26 марта, в четверг, перед Особым присутствием Правительствующего Сената, высшим политическим судом России, председательствовал сорокасемилетний сенатор Эдуард Яковлевич Фукс — предстали шестеро злодеев, старшему было двадцать девять, а младшему девятнадцать лет от роду. Лишь одна имела вероисповедание иудейское, все прочие — православные. И, кроме дворянки и сына священника, остальные относились; к сословию крестьянскому и мещанскому.
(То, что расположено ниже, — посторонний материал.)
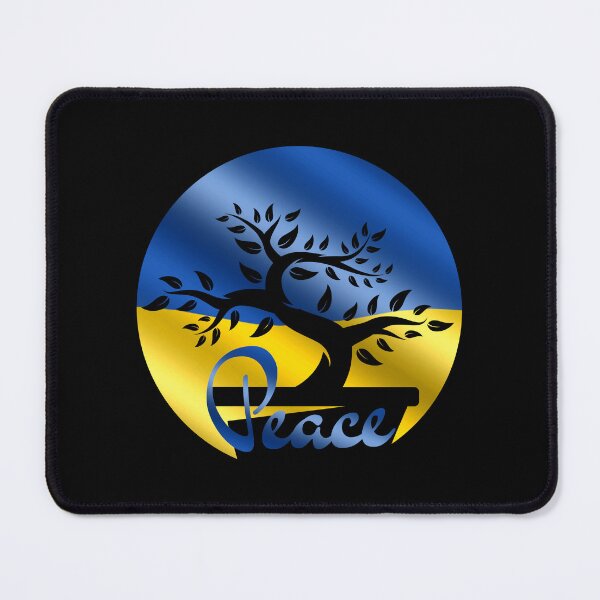 Item preview, Make Art Not War Bonsai Symbol of Peace and Hope with Ukraine Flags Colors II designed and sold by M-Infinite.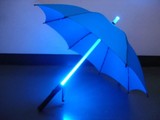 特价创意LED发光雨伞透明伞灯光伞长柄个性晴雨伞礼品伞带手电筒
В ночь с воскресенья на понедельник, с 29 на 30 марта, всем шестерым объявили приговор — смертная казнь через повешение. Одной из осужденных — еврейке Гесе Гельфман, прямого участия в цареубийстве не принимавшей (она была всего лишь хозяйкою конспиративной квартиры), — исполнение казни отсрочили до разрешения от бремени: она оказалась, по медицинскому обследованию, тяжелой по четвертому месяцу; она умерла в тюремной больнице вскоре после родов; ребенок ее, то ли девочка, то ли мальчик, по-разному толкуют историки, сгинул безвестно.
Из газет:
«3 апреля, в 9 часов подвергнуты смертной казни через повешение государственные преступники: дворянка Софья Перовская, сын священника Николай Кибальчич, мещанин Николай Рысаков, крестьяне Андрей Желябов и Тимофей Михайлов».
2
Соня Перовская сызмала нужды не знала — из потомков знаменитых графов Разумовских, племянница «полного» генерала, дочь псковского, а затем и Санкт-петербургского губернатора… Она ушла в народи хлебнула лиха… Радостью ее жизни был Андрюша Желябов, веселый, умница, общий любимец. Андрюша, его восторженное перед нею преклонение, общая их вера в Идею, в Правду, — возвышали Соню, даровали силу и мужество…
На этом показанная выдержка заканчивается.